Defendants argue, however, that other courts have found that § 186 claims are preempted in this context. They particularly rely on American Commercial Barge Lines Co. v. Seafarers Intern. Union of North America, 730 F.2d 327 (5th Cir.1984) and Local 355, Hotel, Motel, Restaurant & Hi-Rise Employees and Bartenders Union v. Pier 66, 599 F. Supp. 761 (S.D.Fla. 1984). The argument is not persuasive.
I begin by noting that Seafarers was not a preemption case but rather involved the issue of primary jurisdiction.[12] Indeed, the court there held that § 186 "plainly" gave the federal courts the jurisdiction to restrain trust fund violations. 730 F.2d at *1009 339. Put bluntly, Seafarers does not aid defendants' cause.[13]
As defendants note, however, Pier 66 is directly on point. There, the plaintiff union alleged that the defendant employer offered its employees monetary inducements as well as other employment benefits for the purpose of obtaining the decertification of the union as the employees' exclusive bargaining agent in violation of § 302, 29 U.S.C. § 186(a)(3), and RICO, 18 U.S.C. § 1964. The court granted summary judgment to the defendant, holding that the claims presented by the union fell "squarely within those activities that are arguably subject to section 7 or section 8 of the NLRA" and were "nothing more than a charge of unfair labor practice." Id. at 764.[14]

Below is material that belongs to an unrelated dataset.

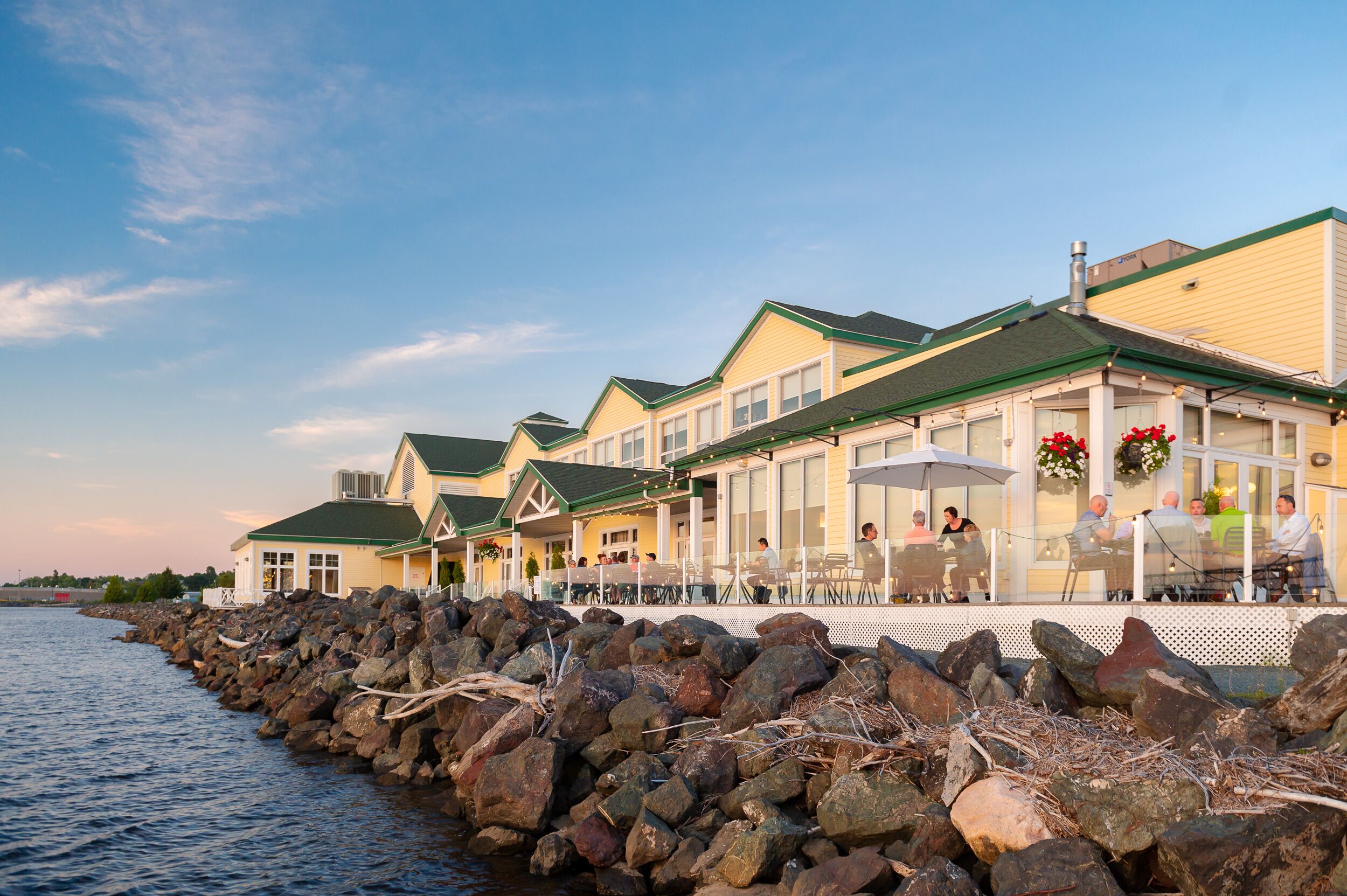A waterfront restaurant with outdoor seating and a view of the water.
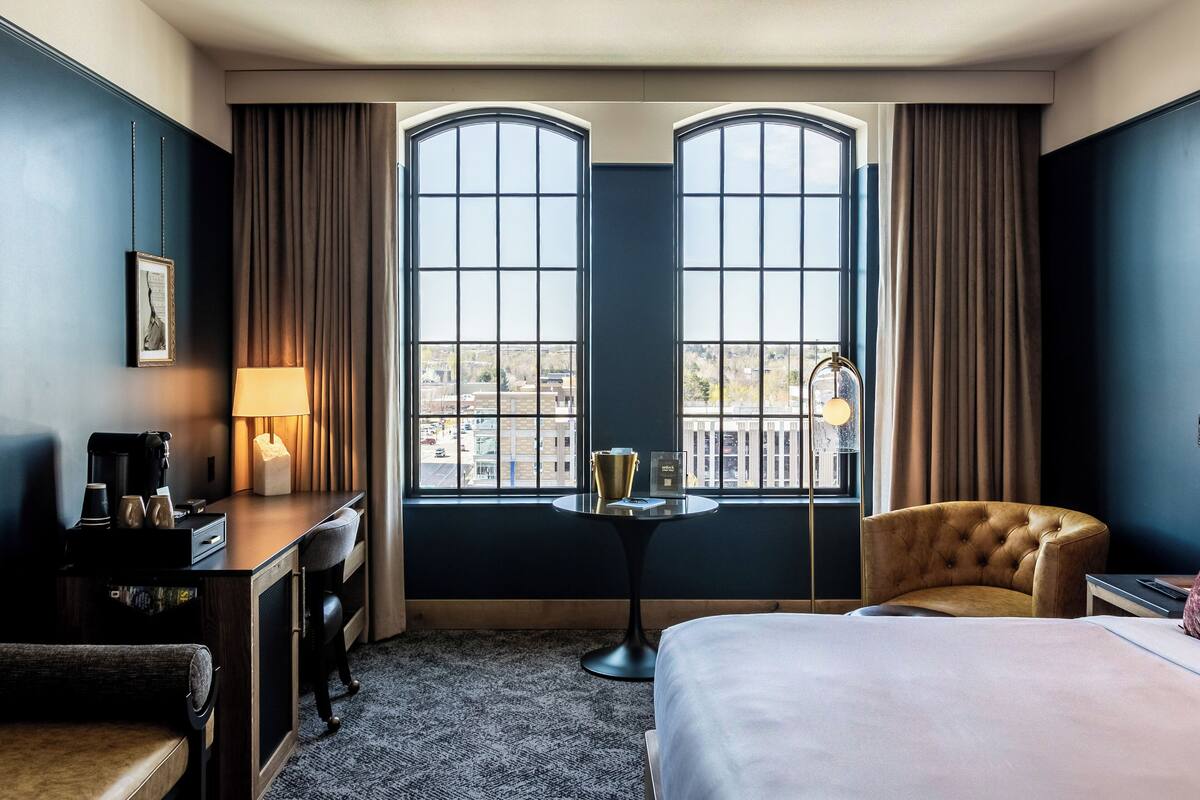 A hotel room with a bed, a desk with a lamp, a chair, and a view through large windows.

With all due respect, I disagree. The Pier 66 court sought to distinguish its holding from Juneau Spruce on the basis that an employer has the right to sue for monetary damages under § 303 of the LMRA, 29 U.S.C. § 187, while § 302, 29 U.S.C. § 186, provides only for criminal sanctions and injunctions for a violation of its provisions. Id. at 764 n. 3. This distinction misconstrues the nature of the inquiry. RICO's predicate act requirement does not speak to the form of relief available under the predicate statute. Instead, it describes as "racketeering activities" acts indictable under certain federal statutes, among them the provisions of 29 U.S.C. § 186. 18 U.S.C. § 1964(c) itself provides monetary relief. Put another way, RICO provides for monetary damages if a defendant engaged in conduct which was indictable under § 186, thus the fact that § 186 itself does not provide for monetary damages appears simply irrelevant.[15]
For all of the reasons noted above, I find that properly pled RICO claims relying on § 186 predicate acts are not preempted by the NLRB and questions of labor law properly tendered in such a suit do not require dismissal where the suit otherwise lies.
Plaintiffs also allege that defendants' conduct constitutes a violation of the wire and mail fraud statutes, and that these violations constitute alternative predicate violations under 18 U.S.C. § 1961(1) sufficient to demonstrate liability for racketeering activity under RICO. Here, unlike the provisions incorporating § 186, the allegations seek to predicate liability on violations of generic statutes. Because of its generality, RICO's reference to them cannot be said to speak, by its terms, to the question of labor law preemption. Moreover, the inclusion of § 186 violations as predicate acts suggests that Congress was being selective as to what activities were being removed from the ambit of the exclusive jurisdiction of the labor law. The violation of no other labor statute constitutes a RICO predicate act.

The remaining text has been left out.